Black-and-white Holstein cattle and tan, doe-eyed Jersey cows are a common sight in the North Bay. Water buffalo? Not so much.
The curious, watchful animals with their sloped, black horns and croaking vocalizations are newcomers to western Marin and Sonoma counties, but their presence signals a delicious addition to the region's long history of dairy farms.
Craig Ramini's buffalo milk mozzarella operation in Tomales brought the Asiatic animals into the area. His then-partner Andrew Zlot set out to expand the herd and find a larger dairy. But when their partnership came to an end, Zlot found himself with a herd of buffalo and no idea what to do with the luxuriously rich milk they produced. He wasn't going to make mozzarella. A chance meeting with two Mendocino County gelato makers (Paul Vierra and Marco Moramarco of Gualala's Pazzo Marco Creamery) at a party gave him an idea. Zlot asked if they'd be willing to make a batch of gelato with his buffalo milk. They said yes, and he brought some milk up to Gualala.
"Out came the gelato, and it was just glorious," Zlot says.
After some coaxing, the gelato makers shared their recipe for the gelato base under the condition Zlot didn't sell in Gualala. The flavoring would be up to Zlot. Thus Petaluma's Double 8 Dairy gelato was born.
Zlot and his two partners (Curtis Fjelstul and Melisa Schultze) began making gelato in 2013. From the restaurant side, customers have included heavies like the French Laundry, Ramen Gaijin, A16, Quince, Sushi Ran and Oliveto. On the retail side, Double 8 is available at Paradise Market (Corte Madera), Bi-Rite (San Francisco) and Market Hall (Oakland).
"There is no other buffalo milk gelato dairy in America," says Zlot. Fjelstul (formerly production manager of Three Twins ice cream) says he's pretty sure there isn't one in Italy either.
The name Double 8 refers to the milking parlor, a U-shaped area that can house 16 buffalo (a double eight). Zlot used to deliver gelato in a portable freezer in the back of his Jetta, but now he makes his rounds in a used Dryer's ice cream truck.
At $9 a pint, the gelato ain't cheap. Dairy cows produce about three times as much milk as a water buffalo, but the milk that comes out is supremely rich and creamy. Water buffalo milk gelato is 10 percent butterfat, lower than that of traditional premium cow's milk ice cream which has cream added to it and about 14 percent butterfat. Because buffalo milk is so rich, no additional cream is needed.
Current flavors include chocolate, hazelnut, candy cap mushroom and, my favorite, fior de latte, a plain milk flavor that's anything but plain. The gelato is dense and chewy and stunningly delicious.
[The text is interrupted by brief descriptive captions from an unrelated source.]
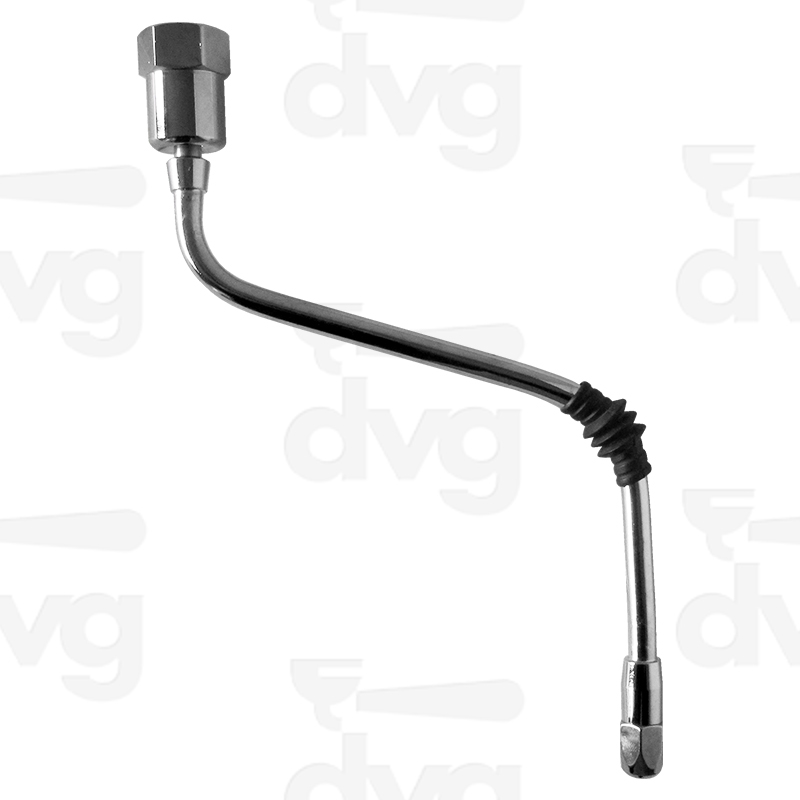 ASSIEME TUBO VAPORE CROMATO A56/W ORIGINALE - WEGA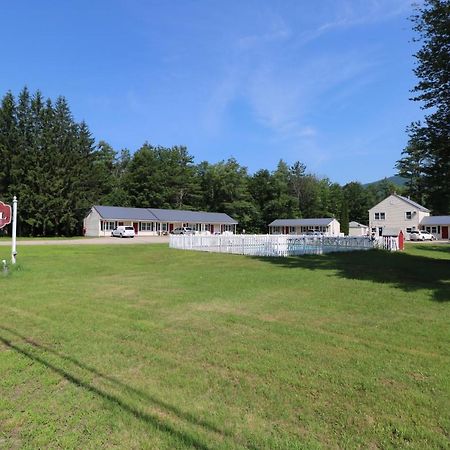 The Villager Motel 巴特利特 外观 照片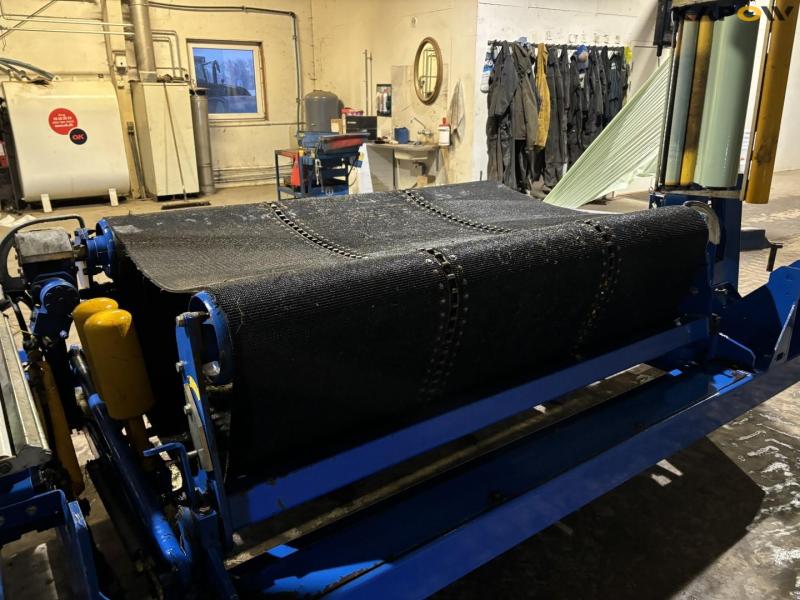 Goweil G4010Q professional wrapper 30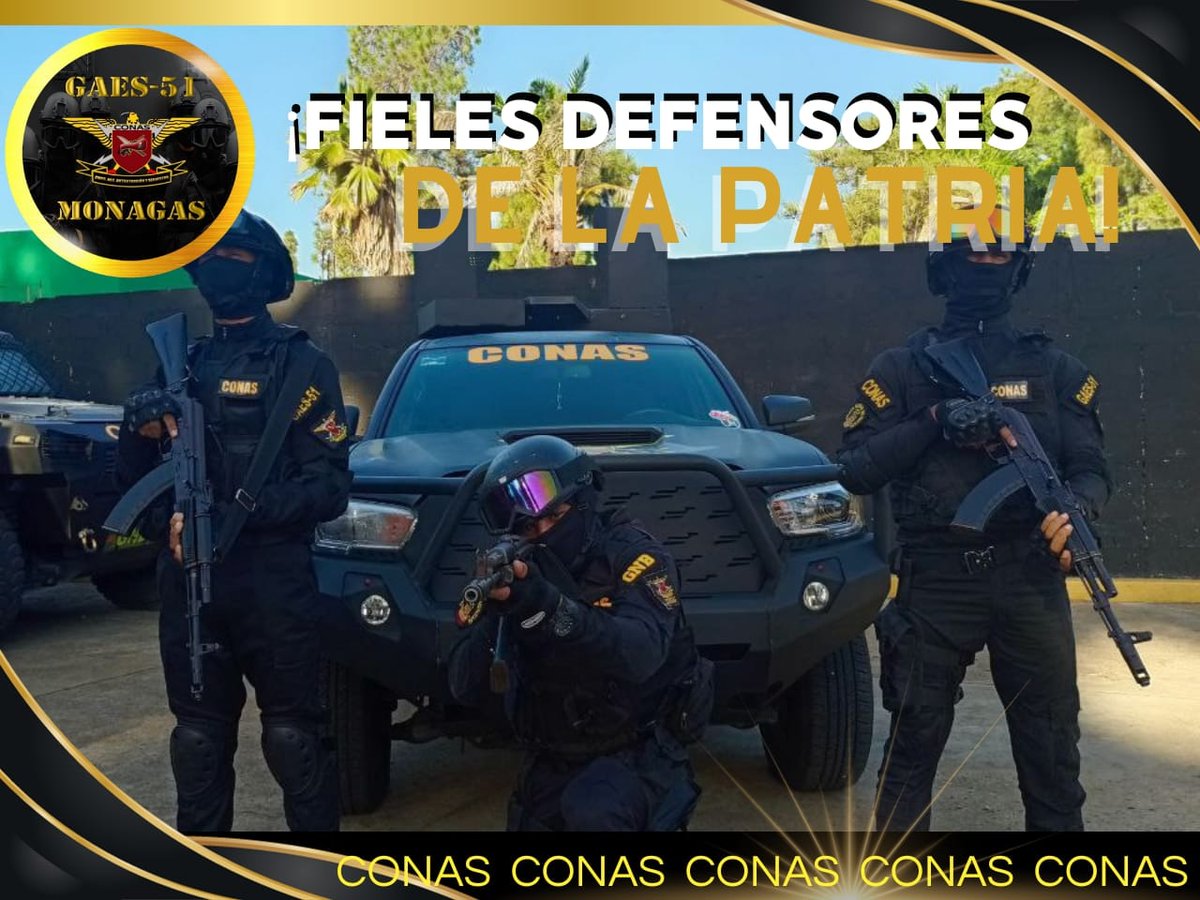 Fieles defensores de la patria.
#7Ago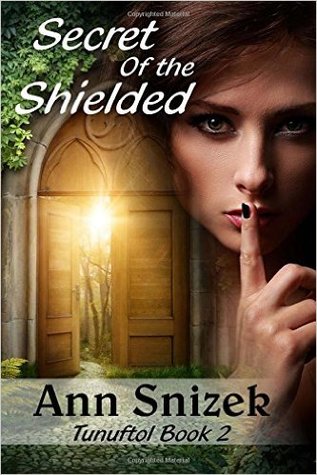 Secret of the Shielded (Tunuftol #2)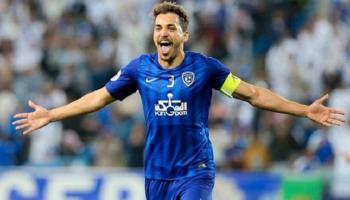 كارلوس إدواردو نجم الهلال السعودي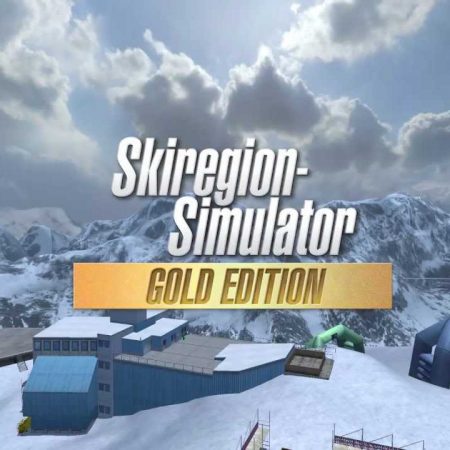 Ski Region Simulator Gold Edition PC Steam CD Key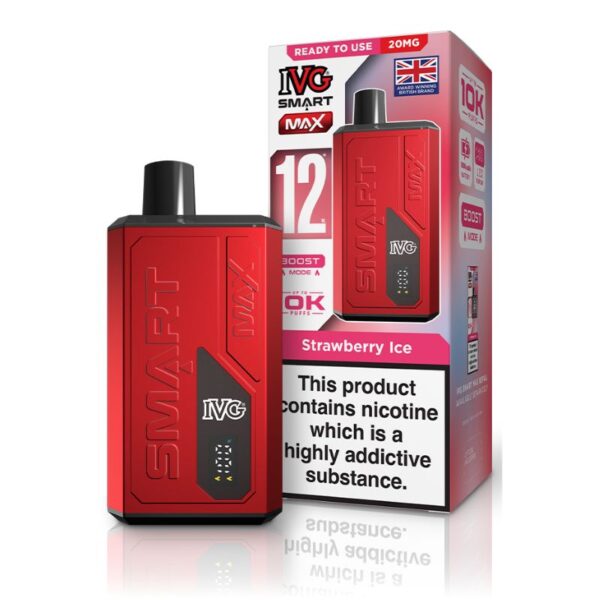 ivg-smart-max-kit-strawberry-ice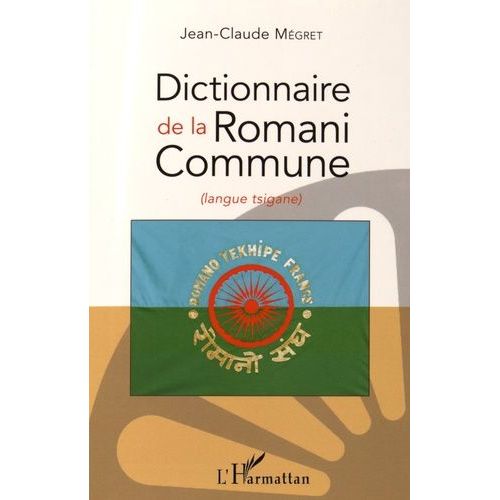 Dictionnaire De La Romani Commune (Langue Tsigane)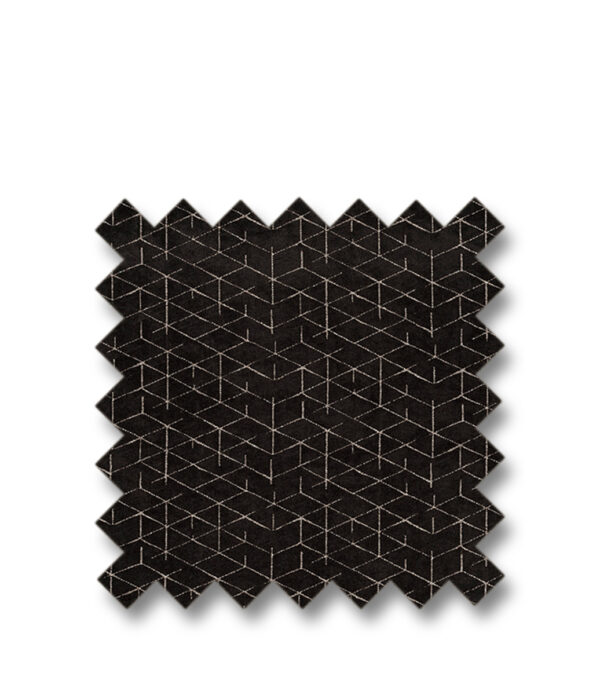 LAUREL DIAMOND DARK BROWN
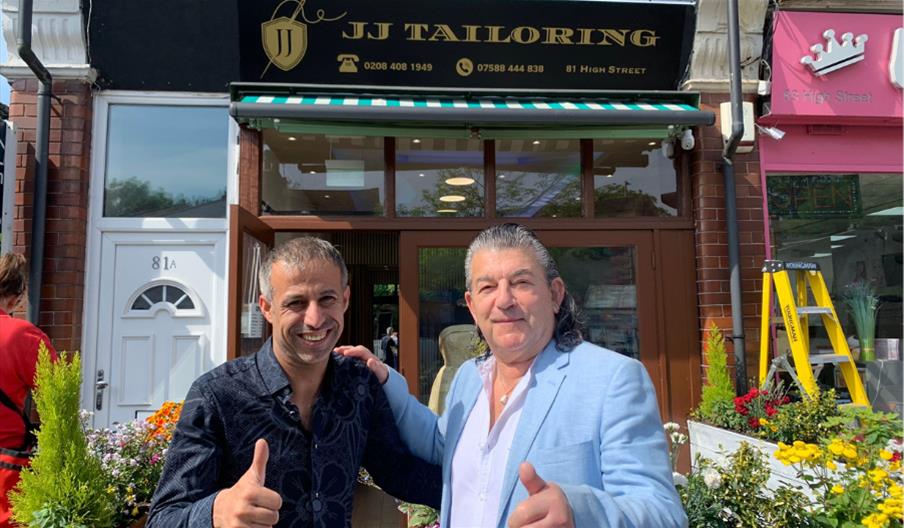 JJ Tailoring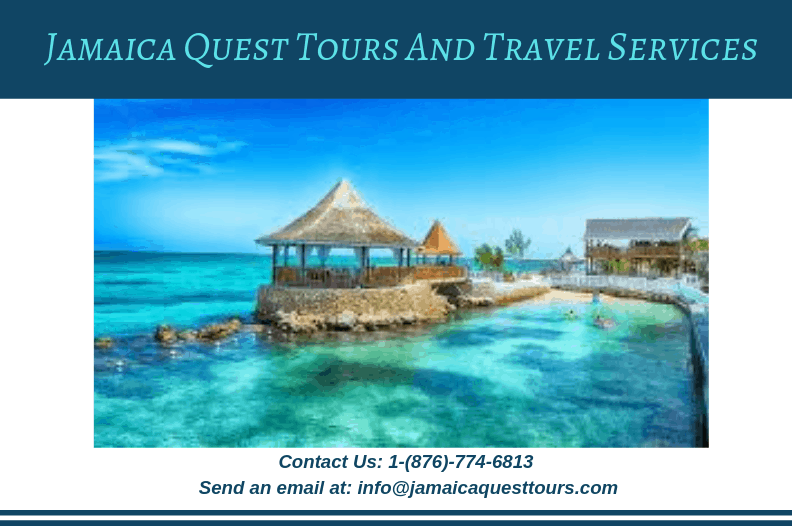 Kingston Airport To Montego Bay Transfer Jamaica Quest Tours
Compared to premium brands of ice cream, its has a more satiny mouthfeel and a downright buttery quality.
The buffalos' barns, the dairy and the creamery where the ice cream is made are all within a few steps of each other. It doesn't get more farm-to-freezer than that.
"The beauty of this is the simplicity," says Zlot, a journalist turned economist turned ice cream maker. "You milk in the morning and make gelato in the afternoon."